Given data ::

== == ==

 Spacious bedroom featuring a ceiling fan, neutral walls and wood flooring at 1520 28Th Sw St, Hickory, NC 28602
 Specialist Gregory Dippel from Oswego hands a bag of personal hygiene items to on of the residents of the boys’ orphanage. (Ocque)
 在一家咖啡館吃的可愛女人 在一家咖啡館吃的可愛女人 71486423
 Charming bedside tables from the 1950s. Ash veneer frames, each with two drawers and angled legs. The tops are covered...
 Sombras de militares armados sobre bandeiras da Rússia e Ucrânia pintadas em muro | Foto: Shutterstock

== == ==

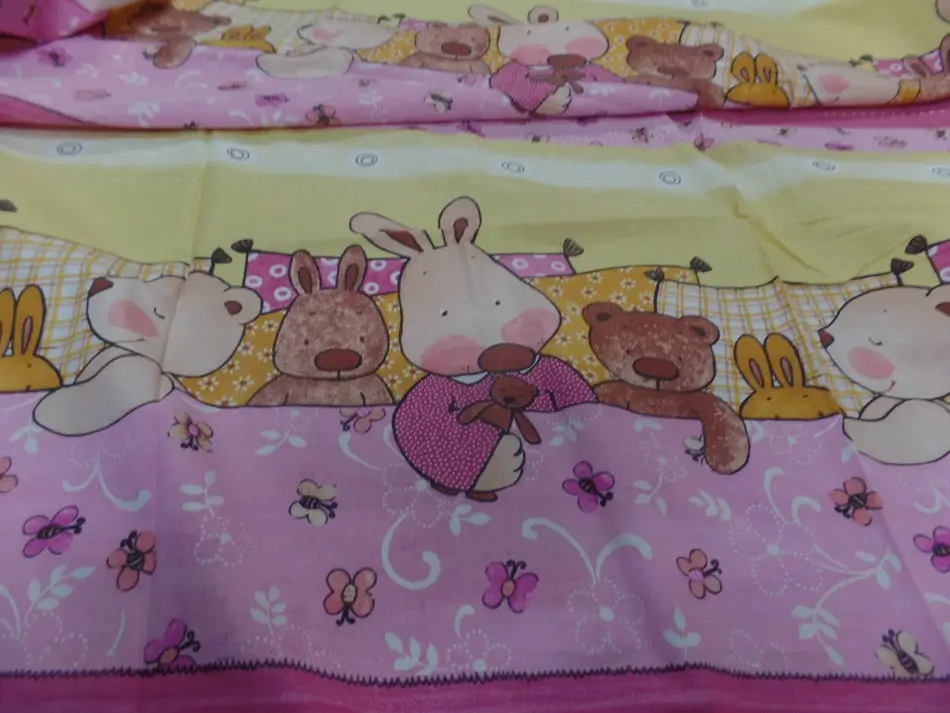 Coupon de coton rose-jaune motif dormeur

== == ==

Assignment ::
Go through the material and report each line that holds the string "from".

Answer space ::
 Specialist Gregory Dippel from Oswego hands a bag of personal hygiene items to on of the residents of the boys’ orphanage. (Ocque)
 Charming bedside tables from the 1950s. Ash veneer frames, each with two drawers and angled legs. The tops are covered...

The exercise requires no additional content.